First of all, we note that the nominal “price” charged by a supplier is not nearly as strong of a determinant of larger customers’ satisfaction as the all-in “cost” of working with that supplier. In other words, a rock-bottom price on an invoice does very little to assuage the dissatisfaction larger customers feel when they pay additional dayrate and/or incur unplanned downtime because a supplier’s product malfunctioned, the equipment and/or crew showed up late, etc. Non-productive time, or NPT, is the enemy at most larger-cap E&P companies, and suppliers that appear friendly to the enemy usually aren’t invited back. Contrariwise, suppliers that demonstrate high levels of reliability and job quality tend to enjoy preferred status.
Related to this point is the finding that larger-cap customers tend to prefer higher levels of service and professionalism. Specifically, flexibility and responsiveness to customer needs and accountability in resolving problems and disputes have exhibited the strongest influence on the overall satisfaction levels of large-cap customers in the past. Not surprisingly, research also shows that suppliers rating well in this attribute invest in their people at higher-than-average rates. Communication and interpersonal skills are also emphasized and rewarded within these organizations, and a drive to develop and maintain strong professional customer relationships is pervasive.

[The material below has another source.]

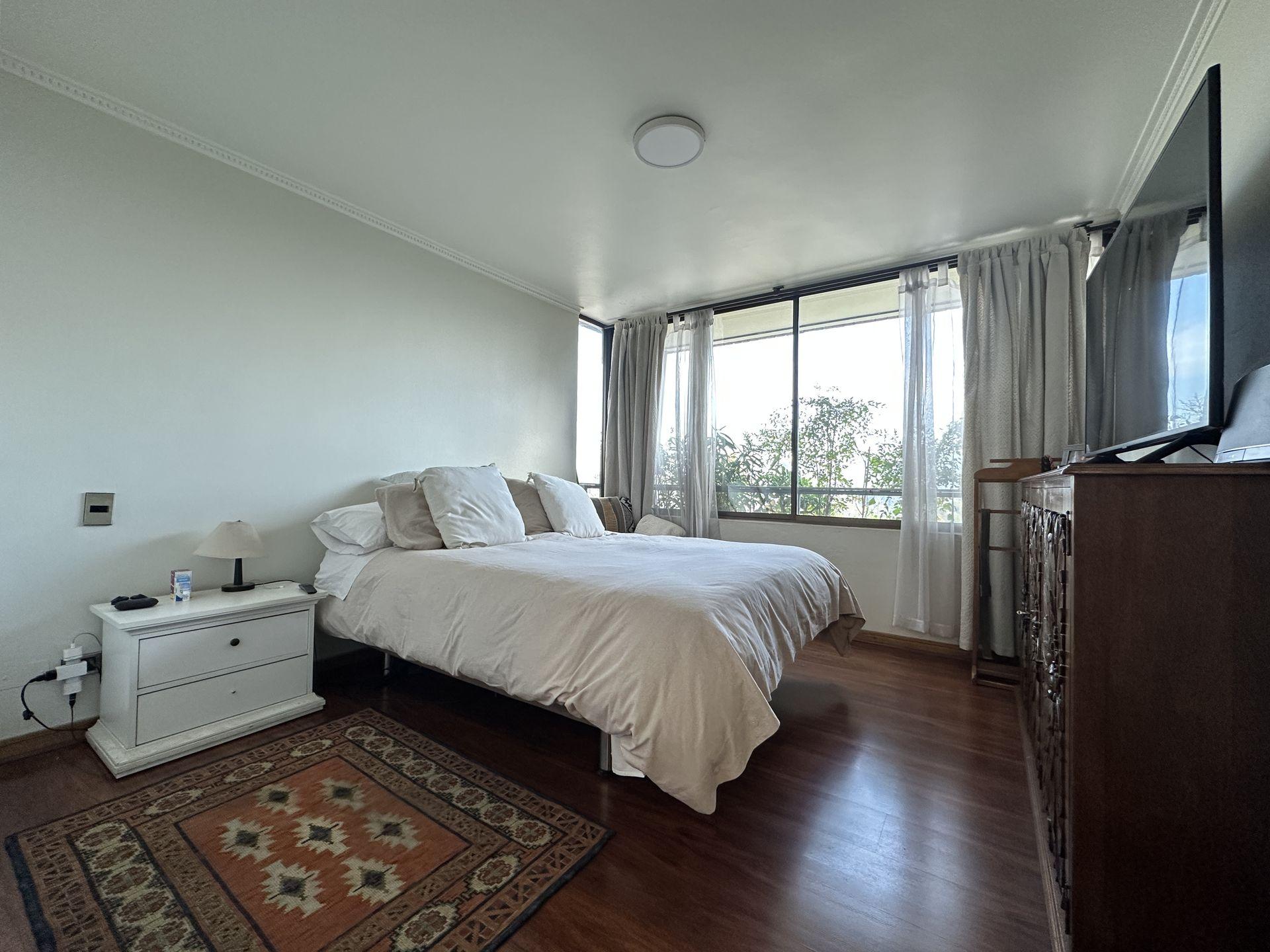 Vitacura, Chile, 3 Bedrooms Bedrooms, ,3 BathroomsBathrooms,Residential,For Sale,1911226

So, given these criteria, which suppliers look best positioned to benefit from such a trend? Atop the list is Helmerich & Payne (HP), which over the years has shifted both the performance and expectations curves in the U.S. land contract drilling segment by providing customers with top-notch service and industry-leading rigs, crews and technologies. Parker Drilling (PKD) also enjoys a relatively strong reputation with many of the industry’s larger players, although its more international focus and degree of specialization likely limits its ability to benefit from deals involving independents that own onshore assets in North America. Conversely, Unit Drilling (UNT) and Patterson-UTI (PTEN) have tended to rate lower with larger E&P customers, driven by lower ratings in the areas of equipment and technology. Thus, they could find themselves vulnerable to any ongoing shifts.
On the oilfield services and equipment side, Smith International (SII) and Dril-Quip (DRQ) are two suppliers that consistently stand out in the eyes of many larger customers. In addition, the world’s largest drilling fluids services supplier, M-I SWACO, which is owned jointly by Smith International and Schlumberger (SLB), is the ratings leader in its segment and seems well positioned to pick up market share should further consolidation materialize. Suppliers that could potentially face challenges include privately-owned Expro International and Key Energy Services (KEG).